Dort lebt die Grundel in brackigem, leicht salzhaltigem Wasser. Seit den 90er-Jahren lässt sich eine Ausbreitung nach Nordwesten wissenschaftlich nachweisen. So wurden einzelne Exemplare auch im Rhein nachgewiesen. Doch die Kanäle, die Rhein und Elbe verbinden, sind wohl noch nicht von dieser Fischart besiedelt. Daher gehen Experten wie Prof. Dr. Ralf Thiel, der zusammen mit seiner Ehefrau Renate Thiel auch Autor ist vom „Atlas der Fische und Neunaugen Hamburgs“, davon aus, dass die Kessler-Grundel möglicherweise mit Ballastwasser von Schiffen in die Elbe gelangte. Ballastwasser wird in die leeren Tanks von Schiffen eingesaugt, um ihre Stabilität zu verbessern.

Den Erstnachweis der Kessler-Grundel in der Elbe haben die Wissenschaftler in der aktuellen Ausgabe des Journals „BioInvasions Records“ veröffentlicht. Die schon etwas bekanntere Schwarzmund-Grundel wurde bereits im Jahr 2008 in der Elbe erstmals nachgewiesen. Die Kessler-Grundel hat ihren Namen nach dem Zoologen Karl Fjodorowitsch Kessler. Sie wird bis zu 22 Zentimeter lang und ernährt sich von wirbellosen Tieren sowie kleinen Fischen. Ihre grau-braun fleckige Färbung passt ideal zu ihrer Lebensweise auf dem sandig-kiesigen Flussgrund. So muss man manchmal auch im Aquarium des Biosphaeriums – dem bisher einzigen Aquarium in Deutschland, welches die Kessler-Grundel zeigt – etwas genauer hinschauen, um den Fisch zu erkennen.

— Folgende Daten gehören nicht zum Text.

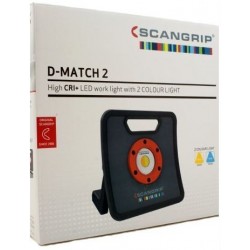 SCANGRIP D-MATCH 2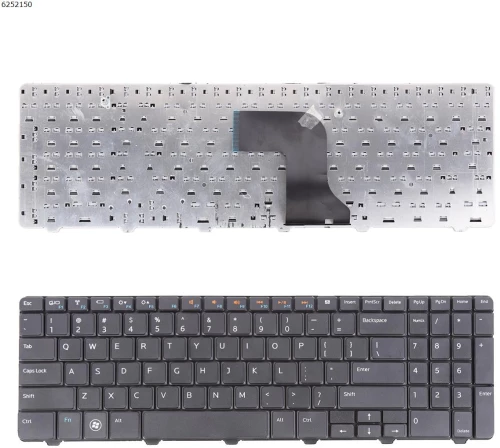 Πληκτρολόγιο Keyboard Dell N5010 M5010
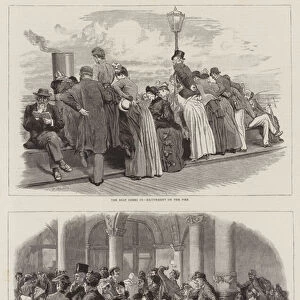 The Season at Brighton (engraving)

Informationen zum Biosphaerium Elbtalaue – Schloss Bleckede

Das Biosphaerium, Informationszentrum für das Biosphärenreservat Niedersächsische Elbtalaue, bietet Begegnungen mit Tieren, die sonst eher im Verborgenen unterwegs sind!

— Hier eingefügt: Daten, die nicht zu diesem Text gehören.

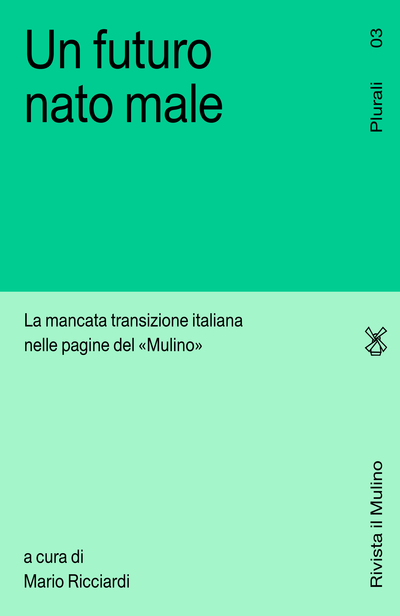 Cover Un futuro nato male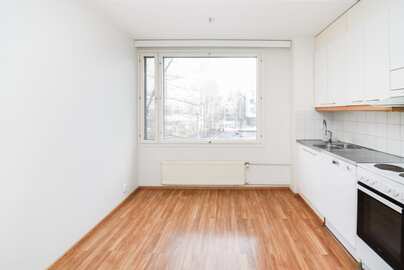 Leikosaarentie 12 A, Vuosaari, Helsinki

Schauen Sie dem Biber in den Bau und beobachten Sie Elbefische vom Aal bis zum Zander in der Aquarienlandschaft. In der über 1.000 m² großen Ausstellung zur Vogel- und Wasserwelt der Elbe laden Vogelstimmenklavier, Überflutungsmodell und vieles mehr große und kleine Besucher zum Mitmachen ein.

Vom 20 Meter hohen Aussichtsturm reicht der Blick weit über die Elbe und das Deichvorland. Die im Biosphaerium gibt gerne Tipps für schöne Spaziergänge und Radtouren. .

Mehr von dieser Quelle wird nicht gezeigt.